__Extracted information__.
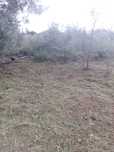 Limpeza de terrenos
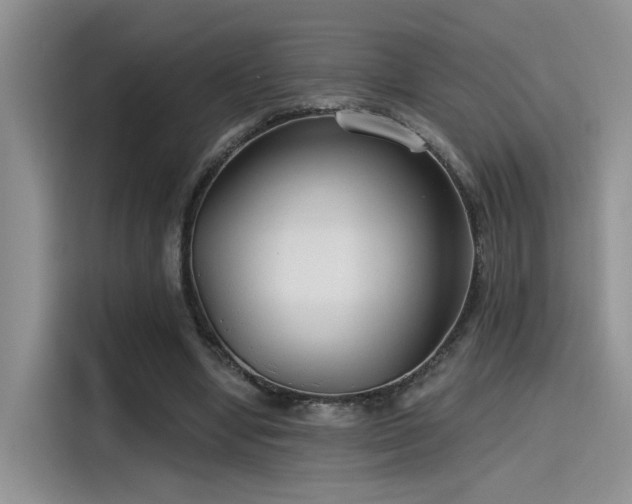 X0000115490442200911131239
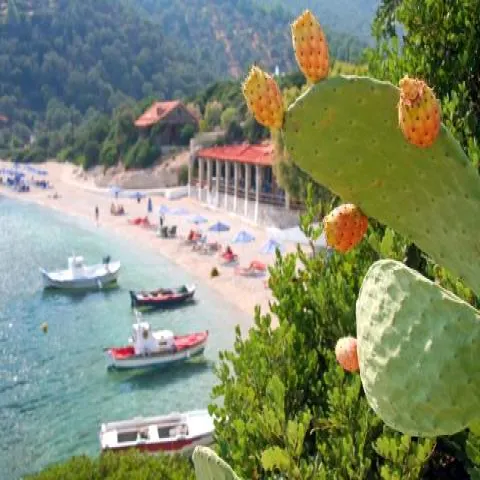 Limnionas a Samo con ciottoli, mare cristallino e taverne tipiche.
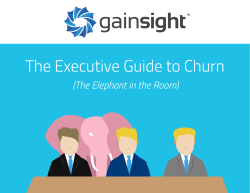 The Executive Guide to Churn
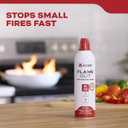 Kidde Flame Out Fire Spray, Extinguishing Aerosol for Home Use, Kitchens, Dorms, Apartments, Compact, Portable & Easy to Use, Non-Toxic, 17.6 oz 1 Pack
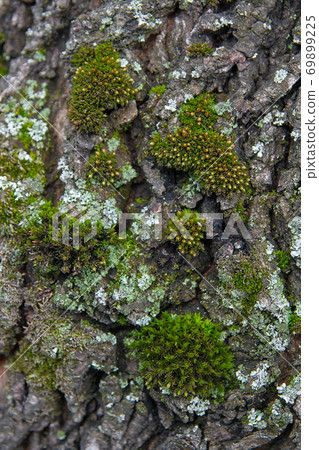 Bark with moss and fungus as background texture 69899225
---
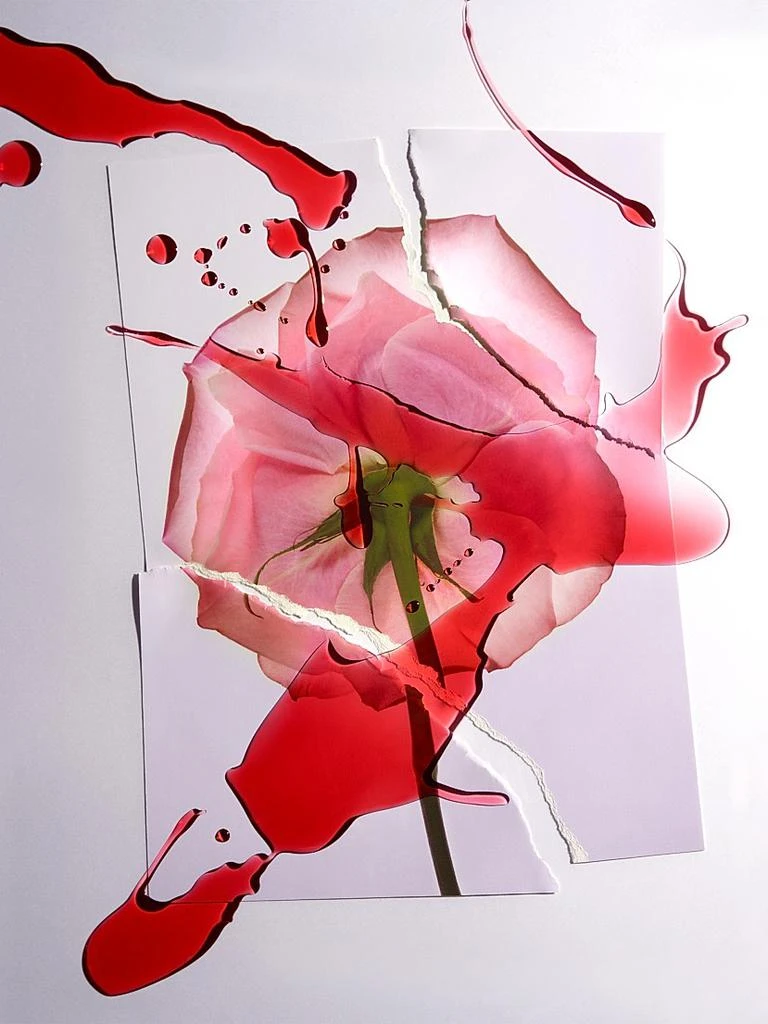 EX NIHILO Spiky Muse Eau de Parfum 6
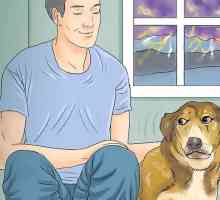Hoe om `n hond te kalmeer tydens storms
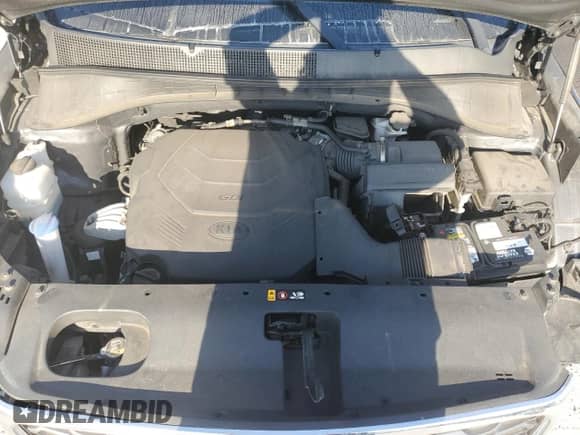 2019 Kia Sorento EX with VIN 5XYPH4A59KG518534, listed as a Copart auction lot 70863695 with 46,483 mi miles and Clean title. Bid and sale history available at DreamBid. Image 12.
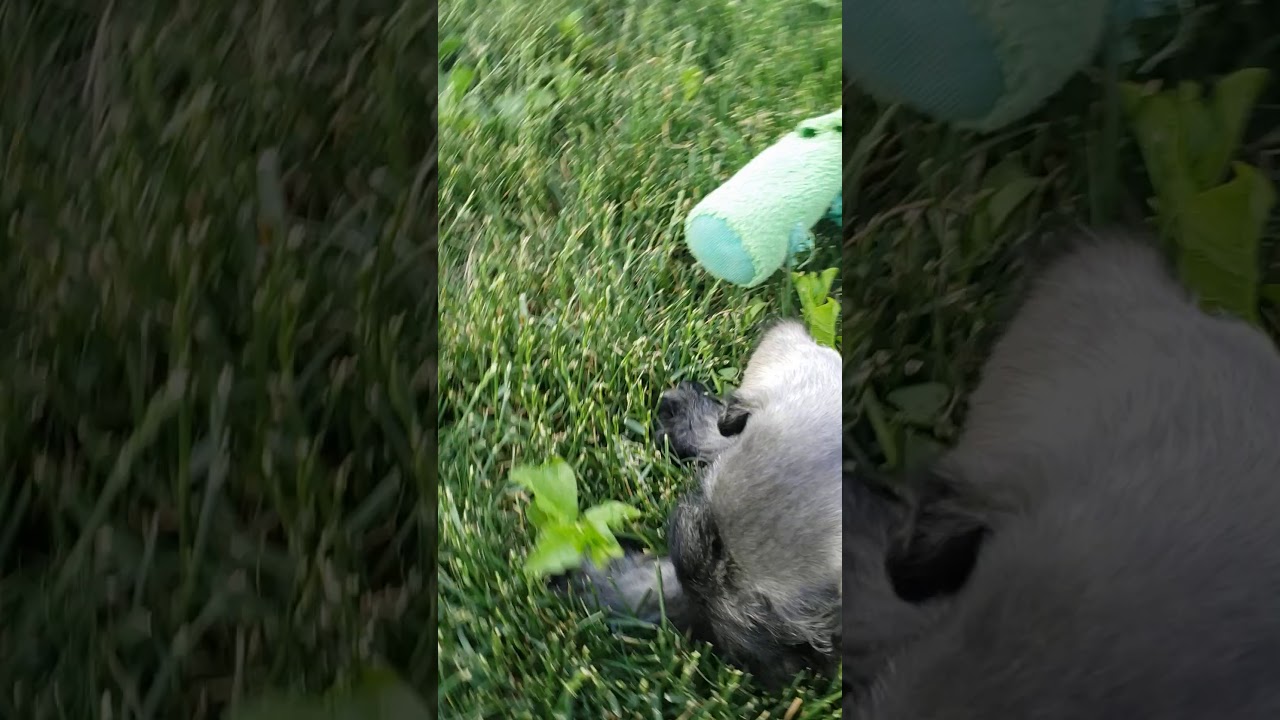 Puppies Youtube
...
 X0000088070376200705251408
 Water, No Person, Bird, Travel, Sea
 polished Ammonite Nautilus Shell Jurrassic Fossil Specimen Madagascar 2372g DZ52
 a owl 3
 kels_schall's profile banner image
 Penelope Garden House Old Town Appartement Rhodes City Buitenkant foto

__Work to complete__.
Only the lines above from the one with "Water, No Person, Bird, Travel, Sea" through the one with "Penelope Garden House" should be duplicated, character for character.

__Task result__.
 Water, No Person, Bird, Travel, Sea
 polished Ammonite Nautilus Shell Jurrassic Fossil Specimen Madagascar 2372g DZ52
 a owl 3
 kels_schall's profile banner image
 Penelope Garden House Old Town Appartement Rhodes City Buitenkant foto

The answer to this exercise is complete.